On Saturday 11 August hundreds turned out at Newcastle City Hall for the Rally for Marriage Equality, marking the eighth anniversary of the Howard government's provocative ban on equal marriage rights. It is important to remember that the Marriage Act never said marriage was between a man and a woman until John Howard changed it. It was always about polygamy and not allowing multiple relationships in a marriage. It was never defined until John Howard put it in. That was a very retrograde step. A number of locals spoke at the rally, including the inspirational Michelle Lancey, who runs Parents, Families and Friends of Lesbians and Gays in Newcastle—an invaluable support network in my region. Michelle spoke at the ALP National Conference. She is a mother who would like to see both of her boys be able to marry. One is homosexual and one is heterosexual, and she finds it very sad that their relationships are not of equal value.

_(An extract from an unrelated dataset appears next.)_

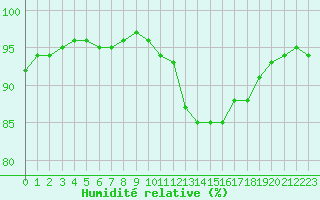 Courbe de l'humidit relative pour Evreux (27)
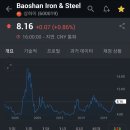 보산슈퍼 이미지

La Trobe University's 2011 Writing themselves in report, which surveyed the experiences of over 3,000 gay youth between 14 and 21, found that 79 per cent of students attracted to the same sex had been physically assaulted or verbally abused. It is time this country matured. That is not acceptable in any country. It is time tolerance was extended to everybody. It is sad to see the suicide rates amongst gay young people as well. It is time to legislate for marriage equality. We would not be acting alone—many countries have done this. I am pleased to support the bill. (Time expired)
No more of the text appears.